Performance
The Count distinct operation is computationally expensive and decreases database performance. BigQuery defaults to approximating the distinct count, using a HyperLogLog algorithm. But BigQuery also supports exact distinct count in a separate function.
One of two algorithms is typically used for distinct counts.
There are two possible solutions to the problem.
If you don’t require 100% accuracy you can use approximate count distinct aka HyperLogLog. Most modern databases support this functionality.
Here is an example of approximate count distinct using SQL Server
SELECT approx_count_distinct(O_OrderKey) AS approx_distinct_order_key
FROM Orders
Bitmap-based distinct counts can be performed incrementally, combining them with Materialized Views for query rewrite in databases that support such functionality. Snowflake and Oracle are two examples of databases that support bitmap-based distinct counts.
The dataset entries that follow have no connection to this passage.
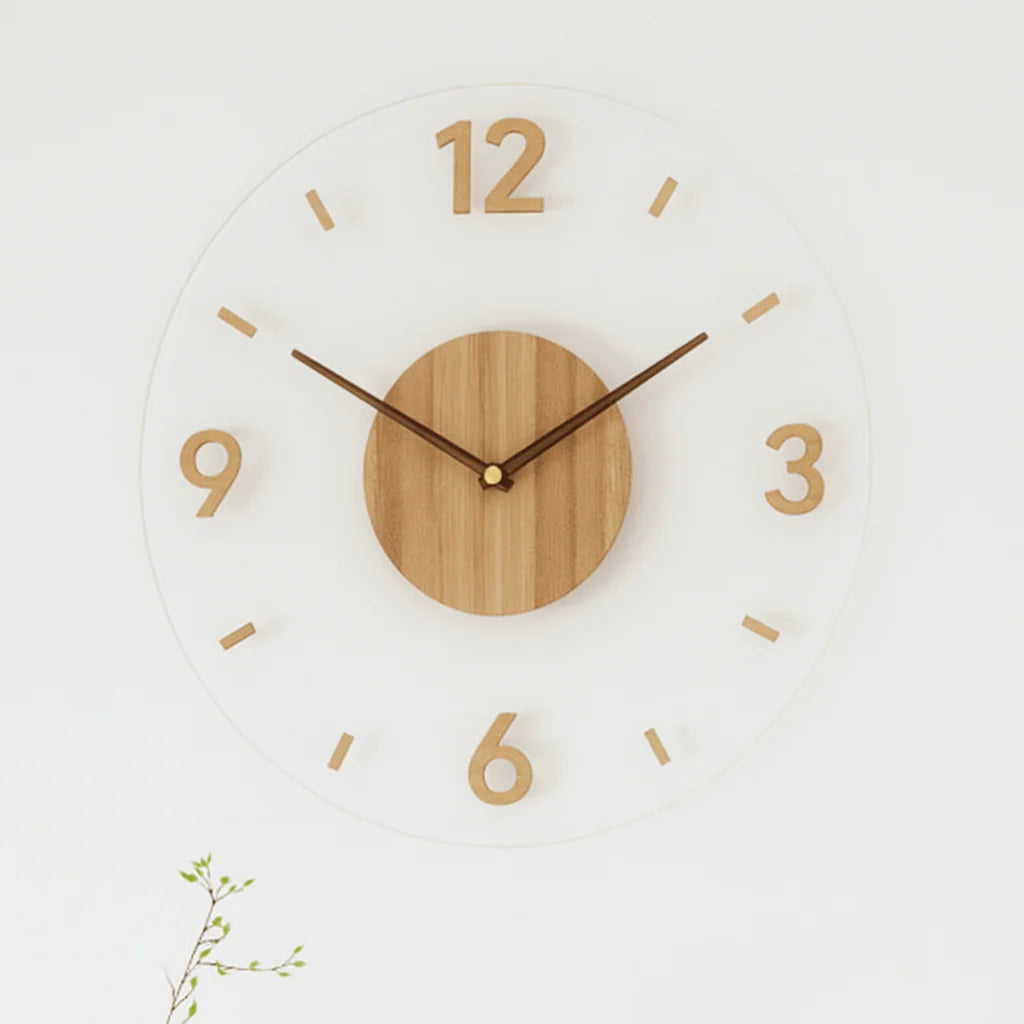 Wall Clock Silent Quartz Movement & Natural Wood Dial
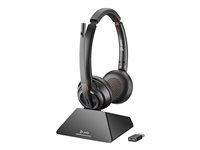Poly Savi 8220 - Savi 8200 series - headset - på øret - DECT / Bluetooth - trådløs - USB-A via Bluetooth adapter - sort - UC-certificeret, Certified for Microsoft Teams 8D3F5AA#ABB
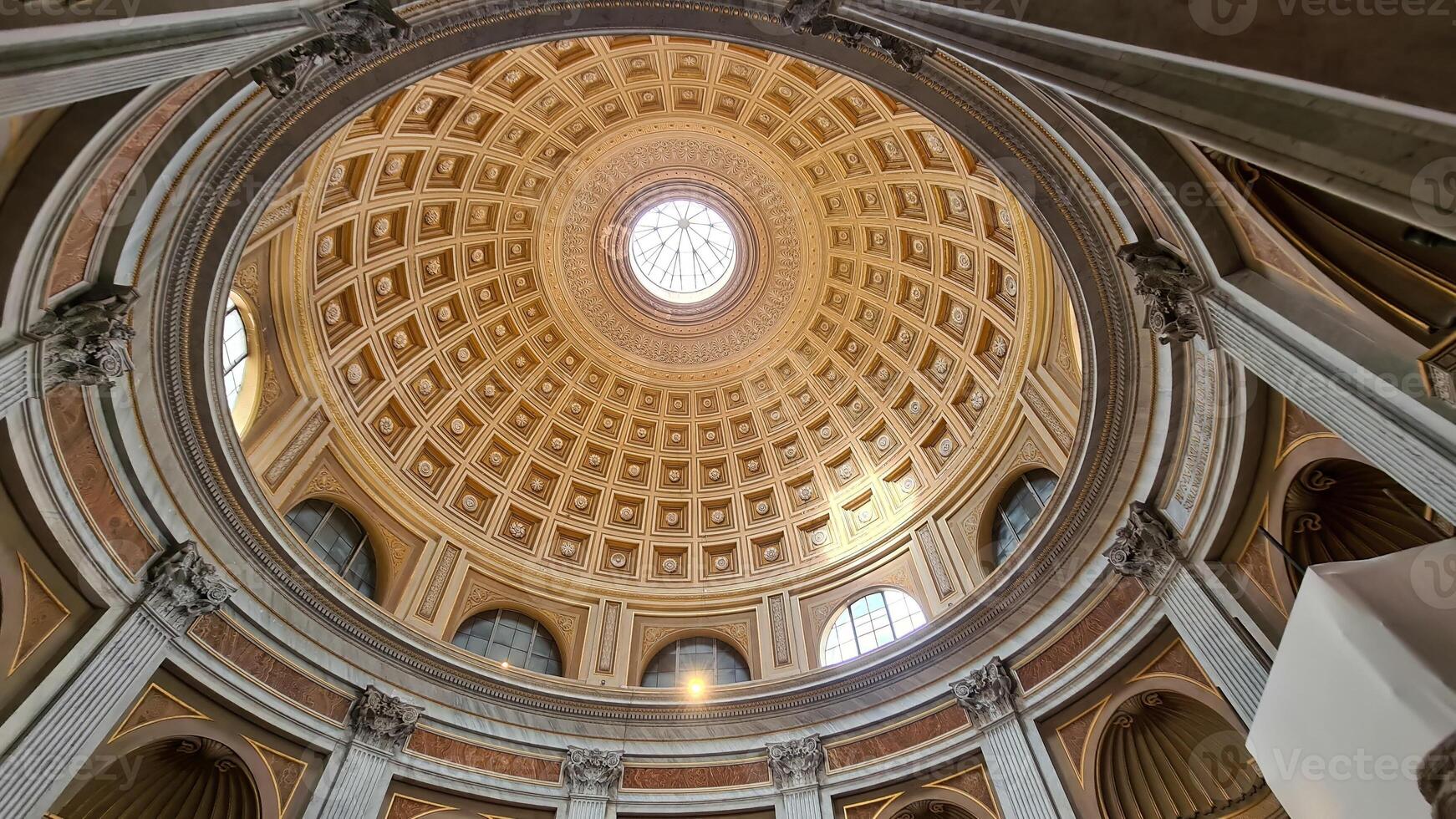 The dome of the Pantheon in Rome is a remarkable architectural feat, known for its perfect proportions and innovative construction techniques. photo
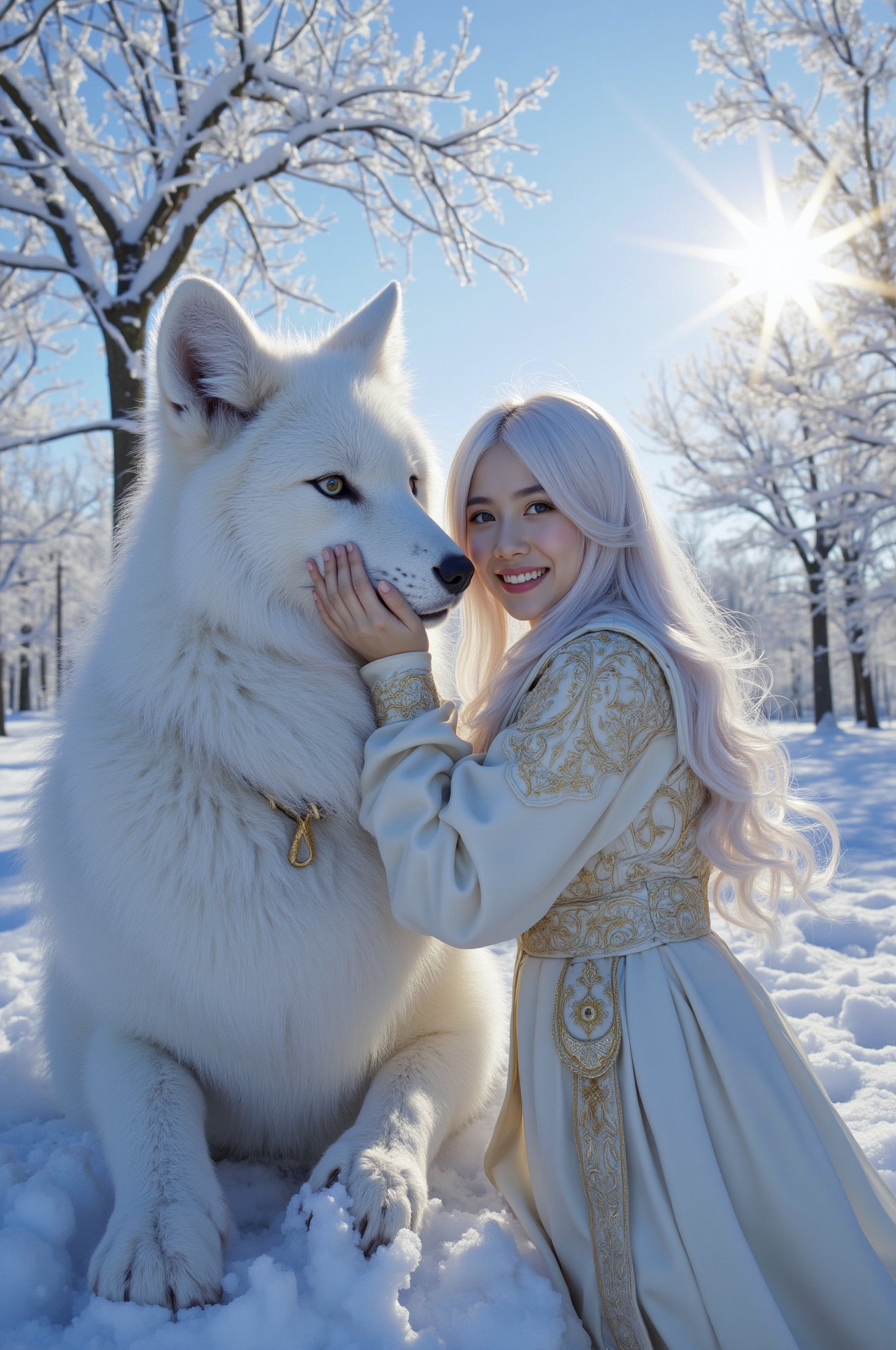 As dawn breaks over the frost-covered landscape,  a serene girl stands among trees adorned with rime ice. Her long,  white...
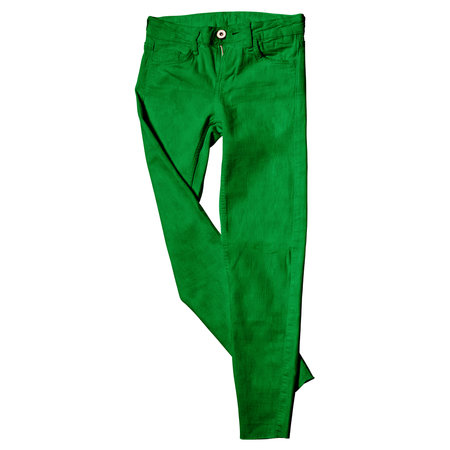 This Wonderful Pant Mock Up In Fern Green Color, Ready To Enhance The Look Of Your Designs.の写真素材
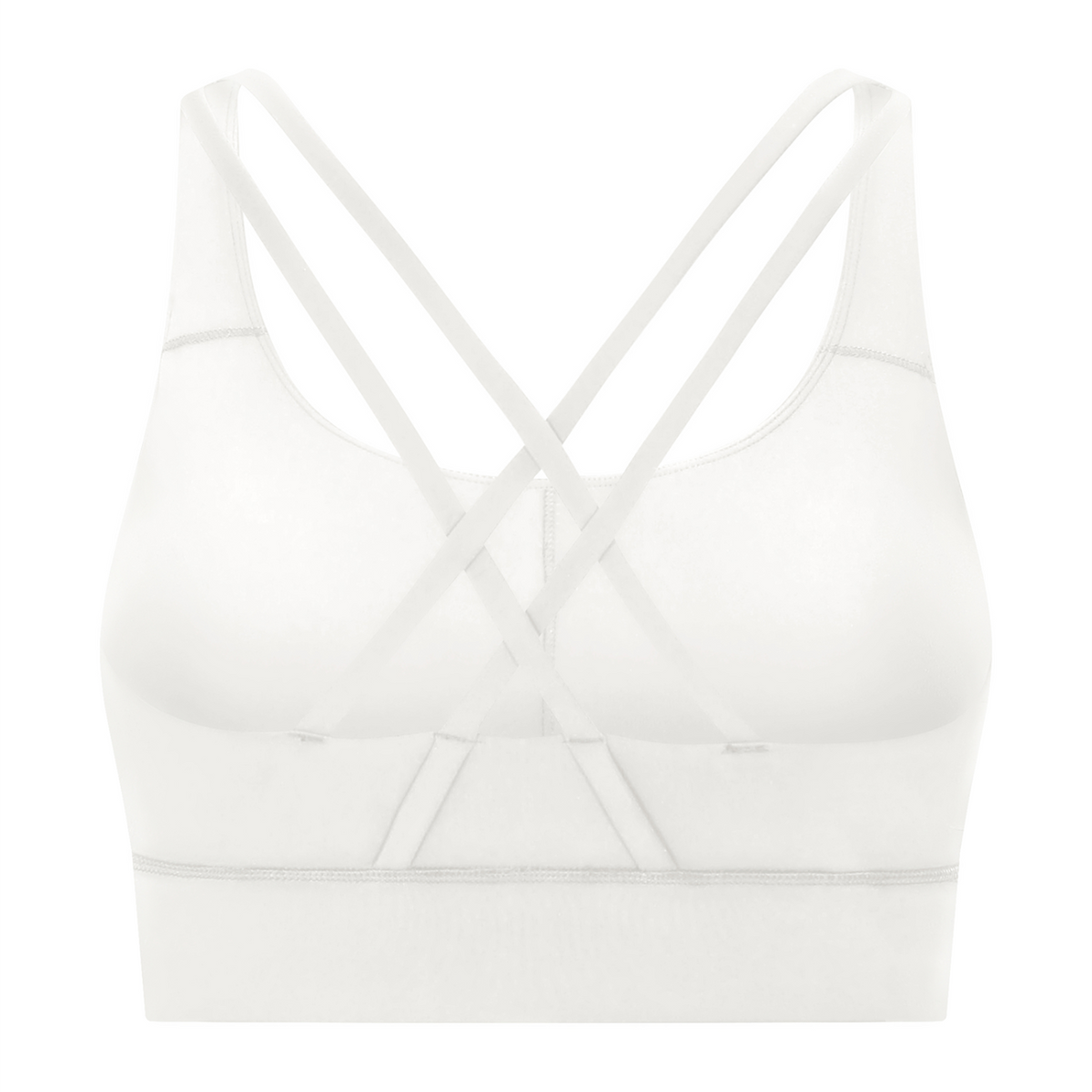 Strappy Criss-Cross Sports Bra - White back mockup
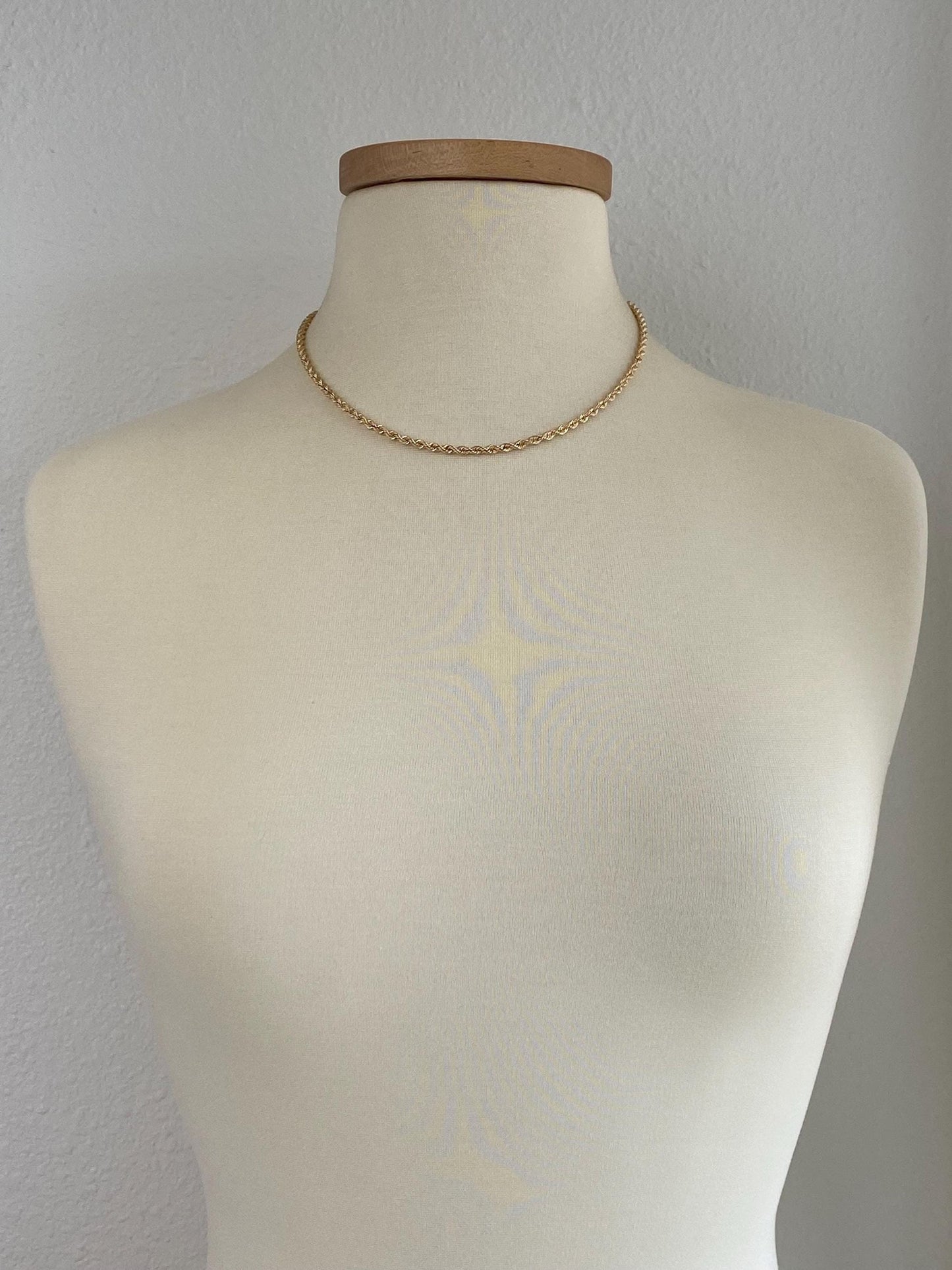Vintage Solid 14k Yellow Gold Rope Chain Necklace - 18 inches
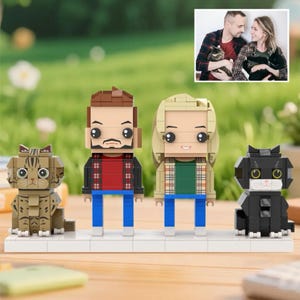 Benutzerdefinierte Ziegelfigur Familienset, personalisiertes Paar und Haustiere im Ziegelstil, Jubiläumsgeschenk für Tierliebhaber, benutzerdefinierte Bausteinskulptur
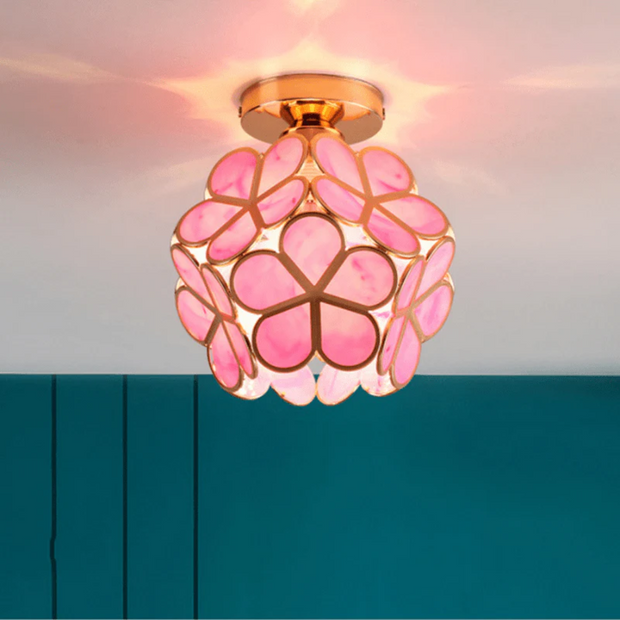 BlütenGlanz Deckenleuchte Glas Blume LED Deckenlampe Wohnzimmer Schlafzimmer Modern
If you do not have an approximate count distinct (HyperLogLog) or bitmap based count distinct as part of your database, you could precompute the distinct counts as part of ETL.
For small data volumes you will not see a performance problem when using count distinct.
As the number of distinct values increases, the elapsed time and memory usage of standard count distinct increases significantly (non-linear growth).
The elapsed time and memory usage of approximate count distinct on the other hand remains consistent regardless of the number of distinct values in the data set (linear growth).